Michał Koterski jest jednym z najbardziej znanych i kontrowersyjnych aktorów polskich. W swojej karierze zagrał wiele ról, które zapisały się w pamięci widzów, takich jak Kuba w „Dniu świra” czy Mikołaj w „Jak to się robi z dziewczynami”. Jednak za sukcesami artystycznymi kryła się ciemna strona jego życia – uzależnienie od narkotyków, alkoholu i hazardu. W swojej najnowszej książce „To już moje ostatnie życie” Koterski opowiada o swojej drodze do dna i o tym, jak udało mu się wyjść z piekła. To szczera i poruszająca relacja o ćpaniu, życiu na krawędzi i o swojej przemianie.
Książka jest zapisem rozmowy Koterskiego z dziennikarzem i krytykiem filmowym Michałem Walkiewiczem. W wywiadzie aktor nie unika trudnych tematów i nie oszczędza siebie. Opowiada o swoim dzieciństwie i rodzinie, o początkach kariery i o tym, jak wpadł w sidła narkomanii. Przyznaje się do swoich błędów i winy, ale też do swoich marzeń i nadziei. Zdradza, co pomogło mu pokonać uzależnienie i jak zmieniło się jego życie po terapii. To książka pełna emocji, humoru i refleksji nad sensem istnienia.
„To już moje ostatnie życie” to nie tylko książka dla fanów Michała Koterskiego. To także ważne świadectwo o tym, że uzależnienie nie jest wyrokiem i że zawsze jest szansa na nowy początek. To książka dla wszystkich, którzy szukają inspiracji i motywacji do zmiany swojego życia na lepsze.

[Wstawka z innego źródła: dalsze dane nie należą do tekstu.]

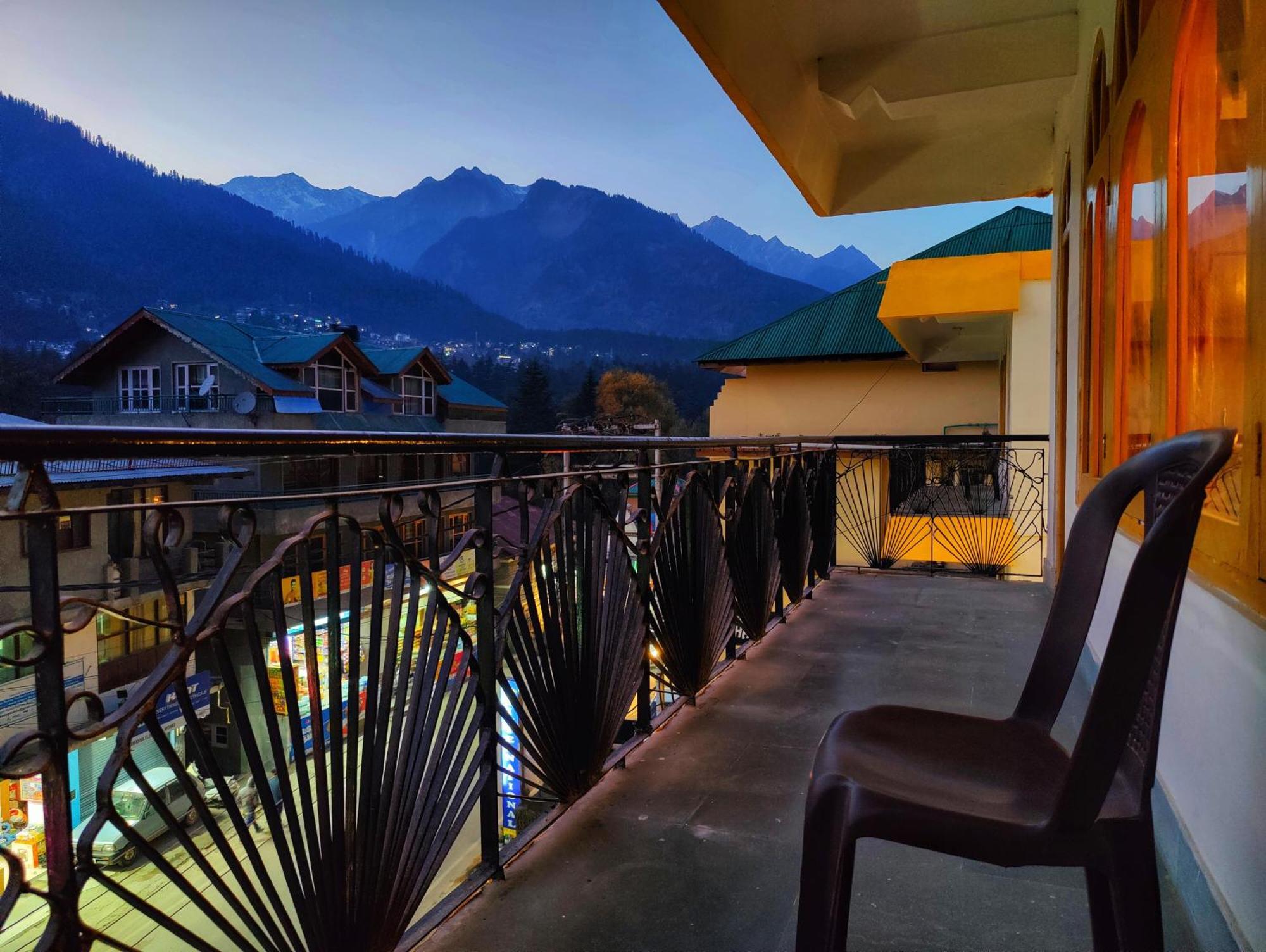 Surya International Hotel Manali Near Mall Road Exteriér fotografie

Od czternastego roku życia zażywał narkotyki. W liceum zamiast do szkoły chodził do klubów, gdzie zaprzyjaźnił się z lokalnymi gangsterami. Parę dni przed maturą pilnował ojca, żeby ten nie zapił się na śmierć. Po sukcesie filmu Dzień świra, w którym zagrał Sylwusia, nie było lepiej. Na każdą imprezę przychodził naćpany lub pijany. Były sytuacje, których nie miał prawa przeżyć. Lubił się leczyć, jeździł do ośrodków dla uzależnionych, chodził na terapie, na mityngi. Robił to w jednym celu: aby się „podreperować”, żeby potem „lepiej się zażywało”. Nikt nie wierzył, że uda mu się wygrać z uzależnieniami. Nawet on sam.
Co stało się w jego życiu, że dzisiaj jest „czysty”? W szczerej rozmowie z Beatą Nowicką opowiada o życiu na krawędzi i o swojej przemianie.
Ta historia zabrzmi jak spowiedź z „Wszyscy jesteśmy Chrystusami”.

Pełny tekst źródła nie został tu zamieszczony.